--- Recorded information Enclosed Below ---

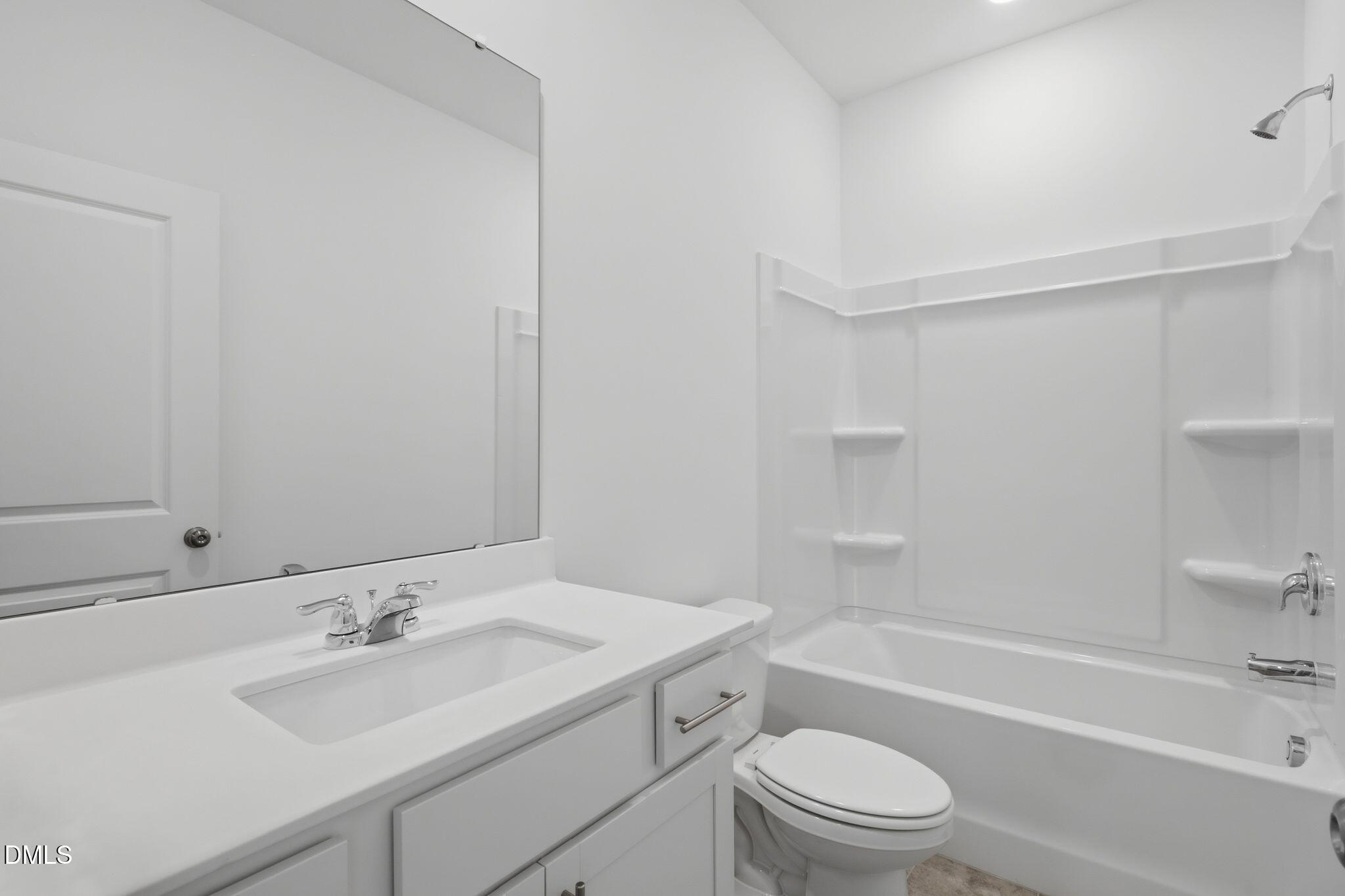 155 Digging Time Avenue Princeton, NC 27569 - Photo 21 of 29 a bathroom with a sink a toilet and shower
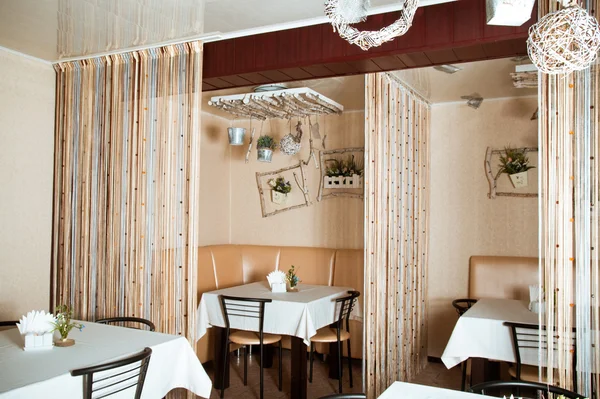 Interior of modern restaurant with the covered tables, wooden furniture — Stock Photo, Image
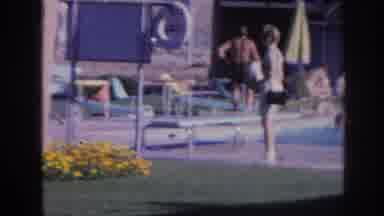 Memphis Tennessee USA (1963): A Woman Sitting Down On A Diving Board At A Pool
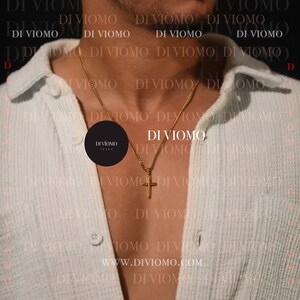 May include: A gold chain necklace with a small cross pendant. The necklace is worn by a person wearing a light blue shirt. The text "DI VIOMO" is repeated in the background.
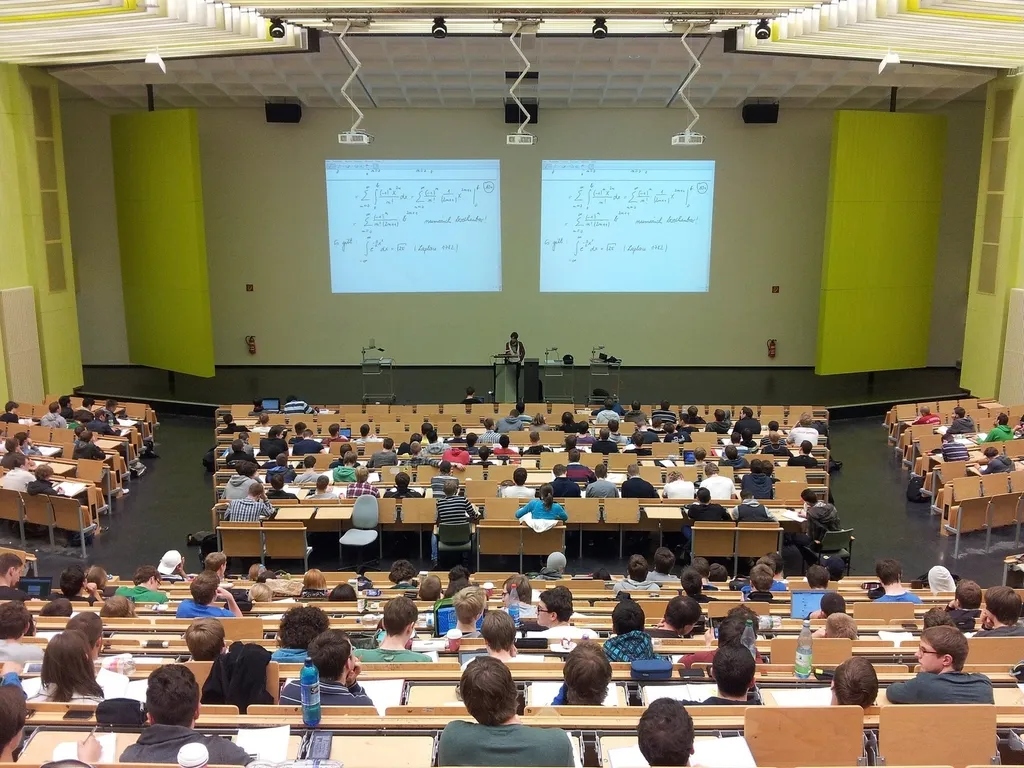 Students seated in a large lecture hall facing a projected slide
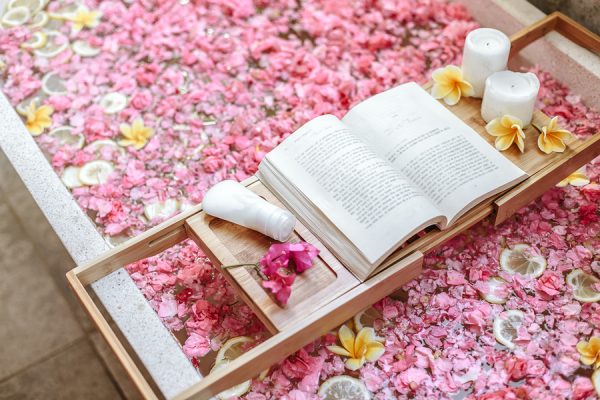 bigstock Bath tub with flower petals an 289054378 e1565266807687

--- End of Enclosed Recorded information ---

* _What is needed_:
Extract only the lines from the line containing "Interior of modern" through the final line of the records; keep both ends and drop every picture.

* _Expected output_:
 Interior of modern restaurant with the covered tables, wooden furniture — Stock Photo, Image
 Memphis Tennessee USA (1963): A Woman Sitting Down On A Diving Board At A Pool
 May include: A gold chain necklace with a small cross pendant. The necklace is worn by a person wearing a light blue shirt. The text "DI VIOMO" is repeated in the background.
 Students seated in a large lecture hall facing a projected slide
 bigstock Bath tub with flower petals an 289054378 e1565266807687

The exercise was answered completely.